♫ Swan -
Obligatoire - lancer ci-haut
♫

- Heeep,
leur fait soudain une voix, tandis qu'ils traversent un
vieux terrain désaffecté.
Des pas
se rapprochent, au pas de course. Dans un même mouvement, les
jumeaux se retournent pour faire face a un éventuel agresseur. Il
fallait s'y attendre. Se promener ici en pleine nuit ne pouvait
être qu'une simple provocation.
C'est un
homme, seul. Plutôt baraqué, assez balafré. On peut rapidement
comprendre, en analysant sa carrure musclée et abîmée, que les
combats effrénés rythment sa petite vie de voyou mal éduqué. Il
tient une arme blanche. Un couteau, plus précisément. Assez long,
et sans doutes des plus aiguisés. Les deux frères se doivent donc
d'être sur leurs gardes. Un moment d'inattention, et ils pourraient
bien se retrouver saignés.
- Envoyez tout
ce que vous avez, les menace sans attendre leur
agresseur, - si vous souhaitez repartir d'ici entier,
évidemment...
- Et cent balles
et un mars aussi ? Ironise aussitôt Kurt en pouffant de
rire, - Tu t'es crû chez mémé là, mon mignon ?
Il a
gagné. Sa provocation idiote aura un prix. L'homme dégaine
maintenant une arme a feu. La situation semble se corser pour les
Cobain qui grimaçent maintenant. Celle-là, ils ne l'avaient pas
prévue. Zut !
- Tiens, c'est
tout ce que j'ai, fait alors Hanz en tendant droit devant
lui son porte-feuille en cuir noir ; un cadeau de son ex
petite-amie. Un des derniers souvenirs qu'il possède encore
d'elle.
- Et l'autre, a
côté, fait péter aussi ! Grogne l'agresseur en agitant son
arme, - et magnes toi, j'ai pas que ça a foutre !
- Va te faire
enculer chez les grecs ! J'ai rien pour toi, continue de
s'obstiner Kurt.
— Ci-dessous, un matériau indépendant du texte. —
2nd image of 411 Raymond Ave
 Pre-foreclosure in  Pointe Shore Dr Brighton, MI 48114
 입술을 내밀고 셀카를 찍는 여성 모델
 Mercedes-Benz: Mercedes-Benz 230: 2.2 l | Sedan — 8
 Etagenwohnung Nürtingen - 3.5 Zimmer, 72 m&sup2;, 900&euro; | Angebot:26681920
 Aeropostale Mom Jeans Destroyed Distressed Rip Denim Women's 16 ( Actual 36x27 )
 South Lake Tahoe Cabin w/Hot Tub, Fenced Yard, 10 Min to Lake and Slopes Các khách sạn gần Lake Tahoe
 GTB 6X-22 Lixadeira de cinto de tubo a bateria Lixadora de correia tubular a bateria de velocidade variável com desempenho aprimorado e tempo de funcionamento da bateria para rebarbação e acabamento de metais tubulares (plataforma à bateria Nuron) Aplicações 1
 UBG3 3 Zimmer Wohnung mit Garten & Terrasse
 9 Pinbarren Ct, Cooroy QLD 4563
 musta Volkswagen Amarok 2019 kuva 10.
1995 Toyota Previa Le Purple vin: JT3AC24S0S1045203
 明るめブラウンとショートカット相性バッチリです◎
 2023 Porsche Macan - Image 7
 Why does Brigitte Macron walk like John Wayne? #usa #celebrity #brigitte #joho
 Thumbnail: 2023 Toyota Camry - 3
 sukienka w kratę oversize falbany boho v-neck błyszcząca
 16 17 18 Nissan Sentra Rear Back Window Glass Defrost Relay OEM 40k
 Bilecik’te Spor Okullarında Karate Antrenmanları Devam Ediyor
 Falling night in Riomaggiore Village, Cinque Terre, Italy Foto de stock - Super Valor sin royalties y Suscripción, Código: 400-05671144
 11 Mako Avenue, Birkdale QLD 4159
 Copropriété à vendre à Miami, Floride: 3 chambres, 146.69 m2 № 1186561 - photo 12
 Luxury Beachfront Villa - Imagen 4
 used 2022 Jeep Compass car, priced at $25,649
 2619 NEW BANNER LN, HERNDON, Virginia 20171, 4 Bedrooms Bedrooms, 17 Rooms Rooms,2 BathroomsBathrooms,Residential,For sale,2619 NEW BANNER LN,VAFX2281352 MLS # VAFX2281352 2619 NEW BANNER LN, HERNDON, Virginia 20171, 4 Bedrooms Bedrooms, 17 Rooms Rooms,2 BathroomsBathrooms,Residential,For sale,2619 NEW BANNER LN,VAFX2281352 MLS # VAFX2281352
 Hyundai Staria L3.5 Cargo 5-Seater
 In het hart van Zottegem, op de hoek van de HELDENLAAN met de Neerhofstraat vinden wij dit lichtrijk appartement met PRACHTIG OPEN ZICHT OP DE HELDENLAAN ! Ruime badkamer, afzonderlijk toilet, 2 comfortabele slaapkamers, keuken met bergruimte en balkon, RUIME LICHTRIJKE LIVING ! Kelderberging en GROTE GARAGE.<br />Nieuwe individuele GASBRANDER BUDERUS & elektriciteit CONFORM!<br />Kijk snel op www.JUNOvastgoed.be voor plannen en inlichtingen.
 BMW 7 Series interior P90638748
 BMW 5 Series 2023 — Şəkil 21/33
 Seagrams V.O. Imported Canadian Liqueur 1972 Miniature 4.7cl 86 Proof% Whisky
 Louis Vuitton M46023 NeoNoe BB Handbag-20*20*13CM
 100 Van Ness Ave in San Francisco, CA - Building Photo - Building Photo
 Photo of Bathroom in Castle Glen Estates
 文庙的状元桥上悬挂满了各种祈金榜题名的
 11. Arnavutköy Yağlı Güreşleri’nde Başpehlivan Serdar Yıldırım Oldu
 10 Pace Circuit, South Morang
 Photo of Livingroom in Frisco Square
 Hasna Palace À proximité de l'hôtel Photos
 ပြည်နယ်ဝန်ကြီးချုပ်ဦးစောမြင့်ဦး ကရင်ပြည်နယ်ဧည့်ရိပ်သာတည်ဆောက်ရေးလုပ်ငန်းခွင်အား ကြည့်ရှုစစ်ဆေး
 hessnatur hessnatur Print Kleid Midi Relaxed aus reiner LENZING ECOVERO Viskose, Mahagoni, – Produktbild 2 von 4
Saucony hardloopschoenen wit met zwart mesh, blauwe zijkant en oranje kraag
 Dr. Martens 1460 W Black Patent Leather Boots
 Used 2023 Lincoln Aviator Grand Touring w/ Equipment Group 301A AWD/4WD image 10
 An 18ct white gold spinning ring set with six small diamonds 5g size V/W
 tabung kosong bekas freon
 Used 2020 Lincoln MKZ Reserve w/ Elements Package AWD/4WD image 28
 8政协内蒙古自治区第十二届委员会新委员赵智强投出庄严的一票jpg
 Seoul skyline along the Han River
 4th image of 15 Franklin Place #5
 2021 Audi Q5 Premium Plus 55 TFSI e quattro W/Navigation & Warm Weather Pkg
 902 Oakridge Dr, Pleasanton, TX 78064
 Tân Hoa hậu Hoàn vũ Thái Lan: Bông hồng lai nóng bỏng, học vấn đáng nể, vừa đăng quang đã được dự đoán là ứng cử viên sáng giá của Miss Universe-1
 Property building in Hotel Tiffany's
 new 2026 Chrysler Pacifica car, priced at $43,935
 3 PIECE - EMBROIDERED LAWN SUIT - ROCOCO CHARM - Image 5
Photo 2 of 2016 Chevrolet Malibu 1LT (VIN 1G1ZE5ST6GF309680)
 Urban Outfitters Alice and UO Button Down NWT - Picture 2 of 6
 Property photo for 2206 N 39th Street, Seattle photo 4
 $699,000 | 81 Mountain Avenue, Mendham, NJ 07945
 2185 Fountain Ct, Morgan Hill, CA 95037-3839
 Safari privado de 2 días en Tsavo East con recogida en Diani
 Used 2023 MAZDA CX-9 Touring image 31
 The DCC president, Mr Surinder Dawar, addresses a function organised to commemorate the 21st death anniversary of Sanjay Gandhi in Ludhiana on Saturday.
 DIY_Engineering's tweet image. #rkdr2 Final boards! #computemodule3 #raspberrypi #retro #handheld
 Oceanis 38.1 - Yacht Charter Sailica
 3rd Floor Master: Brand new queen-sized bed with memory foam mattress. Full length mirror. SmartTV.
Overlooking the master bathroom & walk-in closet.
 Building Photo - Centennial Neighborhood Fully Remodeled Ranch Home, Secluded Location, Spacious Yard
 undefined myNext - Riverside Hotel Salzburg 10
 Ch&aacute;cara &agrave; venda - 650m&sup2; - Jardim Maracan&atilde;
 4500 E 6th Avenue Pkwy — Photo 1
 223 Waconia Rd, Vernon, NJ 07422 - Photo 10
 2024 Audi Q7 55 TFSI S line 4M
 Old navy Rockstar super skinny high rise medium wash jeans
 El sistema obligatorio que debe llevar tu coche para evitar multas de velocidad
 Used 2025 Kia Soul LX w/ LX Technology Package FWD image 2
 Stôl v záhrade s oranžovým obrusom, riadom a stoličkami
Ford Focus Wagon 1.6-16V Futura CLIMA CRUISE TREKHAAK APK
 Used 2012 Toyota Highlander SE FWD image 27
Non mais, pour qui est-ce qu'il se prend ce petit
malfrat de pacotille ? Il ne sait pas a qui il a
affaire...
« Pan »
Cette
arme est un silencieux. Kurt va tomber a genoux, a cause d'une
balle reçue brusquement dans la cuisse, sans que personne en ville
n'ai strictement rien entendu. A part son frère ici présent, bien
entendu.
- Merde, mais
arrêtez ! Tente de demander, prévenir, menacer, et
balbutier, Hanz, en regardant son frère grimacer de haine et
douleur.
L'ennemi
s'avance, non sans grogner au dernier Cobain encore
debout, - Toi, tu bouges, et c'est pas dans la cuisse que
tu la reçois, mais dans la tête. Capiche ?
Pour
seule réponse, Hanz hoche la tête. C'est un homme docile et très
intelligent. Il n'est pas aussi impétueux que son frère et sait
juger les dangers, quand il y'en a.
- Fais péter,
j'ai dis, menace a nouveau l'agresseur en attrapant avec
violence Kurt par le col, - Je ne me répéterai pas...
- Va te faire
enc... tente de commencer sa victime, avec une haine
infinie dans les yeux.
Tente, parce-qu'il se fait interrompre par un
violent coup de couteau dans l'abdomen. Aussitôt après, il hurle et
ramène ses mains vers son ventre pour constater l'arme blanche
encore plantée dans son estomac. Merde ! Il saigne beaucoup. Et il
souffre. Il s'immobilise alors, a genoux, encore au sol. Pour ne
pas se provoquer une hemorragie interne. Il doit faire le moins de
mouvements brusques possibles. Et surtout, il doit conserver l'arme
a sa place. S'il tente de l'arracher, il en mourra. Il le sait
bien. Il fait des études de medecine tout de même.
Hanz
reste calme devant ce spectacle. Toujours droit et impassible, il
fixe simplement le malfrat dépouiller son frère de ce qu'il a de
plus précieux, avant de filer a l'anglaise dans l'obscurité de la
nuit.
Et ce
n'est qu'une fois l'agresseur complètement disparu, qu'il s'abaisse
enfin pour se mettre a la hauteur de son jumeau ; qui est en train
de souffrir le martyr, lui, au sol.
- Ca va ?
- Ca pourrait
aller mieux. Putain d'enfoiré! Je le retrouverai ce con. Et il va
me rendre ce qu'il m'a volé!!
Ce type
est incroyable. Hanz en éclaterai presque de rire : se vidant de
son sang et agonisant lentement, il ne pense qu'a la honte qu'il a
l'impression d'avoir subit. Kurt est fièr. Trop fièr. Cela pourrait
bien le perdre, un jour.
- T'as ton
portable ? qu'il fait justement a son frère, toujours
accroupit a ses côtés.
- Ouais.
- Alors
qu'est-ce que t'attends ducon ? Appèle une ambulance ! Tu vois pas
que je suis en train de saigner comme une truie là ?
- Oui, oui.
Désolé, reprend rapidement Hanz, en se relevant pour
fouiller sa poche droite. Celle où se niche habituellement
l'appareil recherché.
- Dépêche...
gémit maintenant Kurt en se forçant a conserver une
respiration normale. Il a des chances de s'en sortir. Il le sait.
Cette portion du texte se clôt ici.